Internet services are often deployed in multiple (tens to hundreds) of geographically distributed data centers. They rely on Global Traffic Management (GTM) solutions to direct clients to the optimal data center based on a number of criteria like network performance, geographic location, availability, etc. The GTM solutions, however, have a fundamental design limitation in their ability to accurately map clients to data centers - they use the IP address of the local DNS resolver (LDNS) used by a client as a proxy for the true client identity, which in some cases causes suboptimal performance. This issue is known as the client-LDNS mismatch problem. We argue that recent proposals to address the problem suffer from serious limitations. We then propose a simple new solution, named ``FQDN extension'', which can solve the client-LDNS mismatch problem completely. We build a prototype system and demonstrate the effectiveness of the proposed solution. Using JavaScript, the solution can be deployed immediately for some online services, such as Web search, without modifying either client or local resolver.

Public Review By: 
Renata Teixeira

In Web services with multiple data centers, clients are often assigned to the “best” server based on the IP address of the local DNS resolver, not the true client IP address. In some cases, this mismatch may lead to sub-optimal choice of server. This paper proposes that clients obtain a cluster identifier for each service and add this identifier to hostnames. Cluster IDs should capture the client location better than the local resolver (for instance, all clients attached to a given point-of-presence should have the same cluster ID). The evaluation from clients deployed in PlanetLab shows that this solution reduces object load time by tens of milliseconds when loading objects from Microsoft’s data centers. All reviewers acknowledge that this paper presents a solution to a practical problem of current content delivery platforms. Some reviewers also appreciated that the solution can be deployed immediately. Reviewers also point out some limitations and open problems. First, one reviewer had concerns about the novelty of the solution presented in this paper when compared to the IETF proposal to extend DNS. Second, the authors’ early study with Microsoft data showed that today less than 10% of clients are directed to sub-optimal servers.
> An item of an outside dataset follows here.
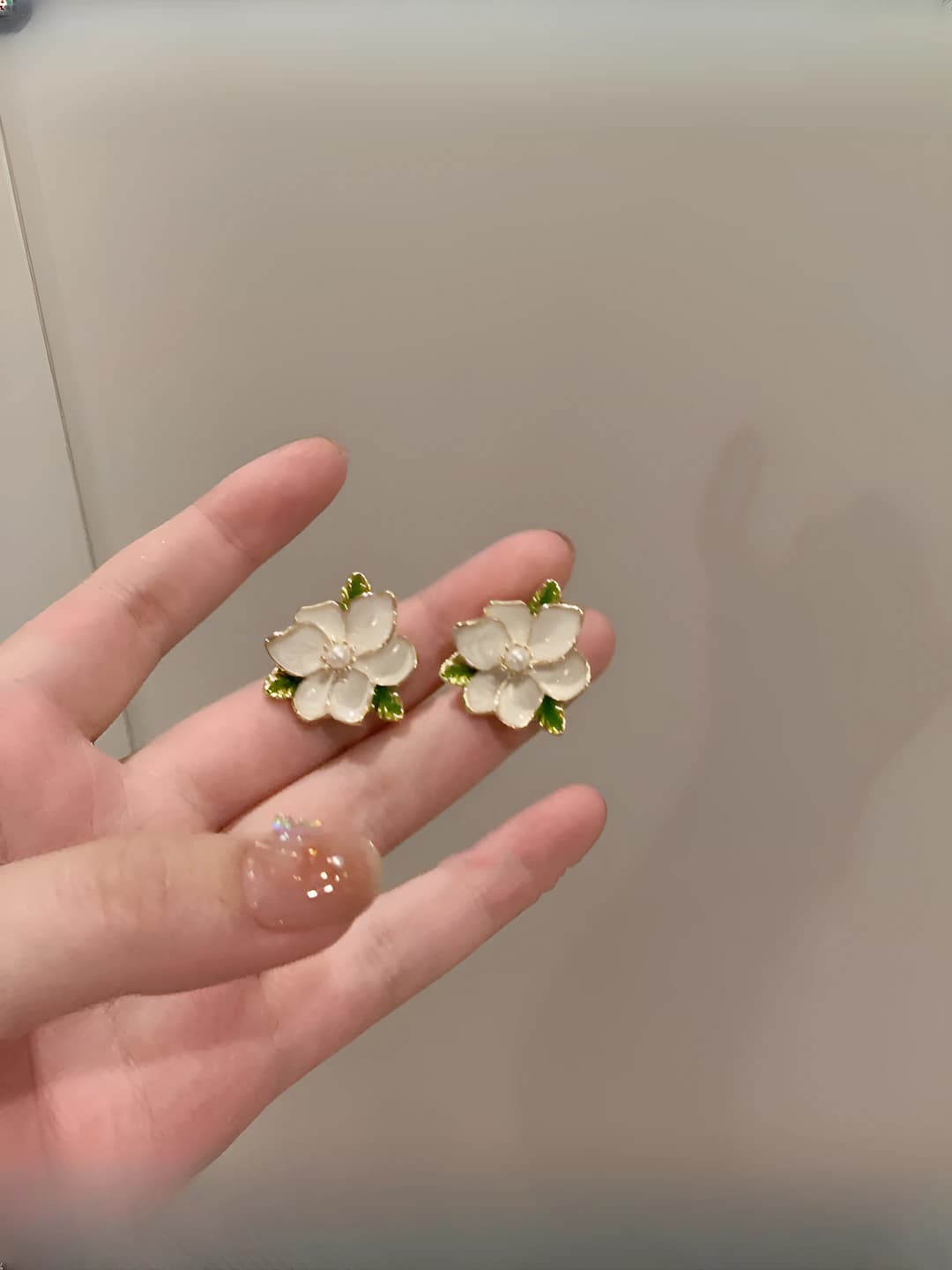 Women's summer green butterfly ear clips with plating in modern OL style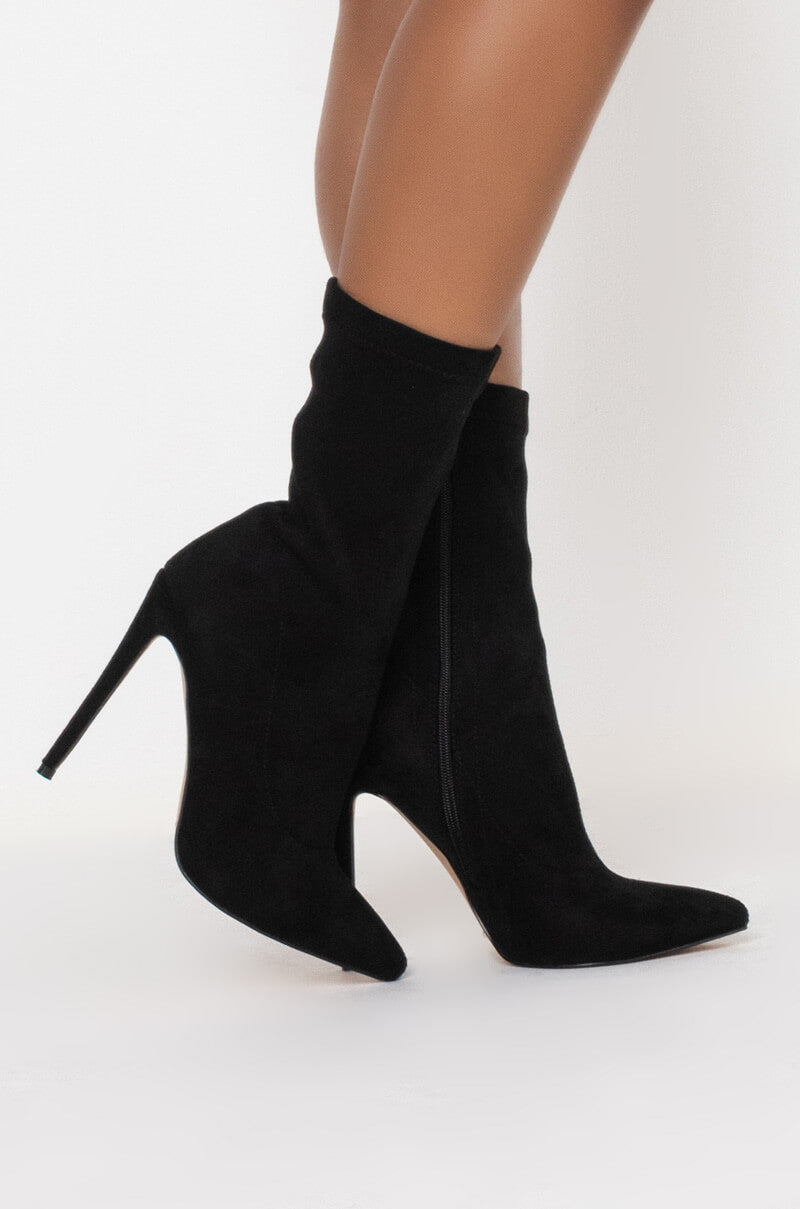AZALEA WANG DARLING STILETTO HEEL BOOTIE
Therefore, the benefit of this solution in practice is unclear. Third, this solution will cause more fragmentation in the local DNS cache. Finally, clients must keep track of one cluster ID per complexity on the client. The authors have revised the paper to address each of these issues. Although a better understanding of the complexity and practicality of the solution will require further evaluation, this paper presents a novel solution to a practical problem. Hence, we decided to publish this paper.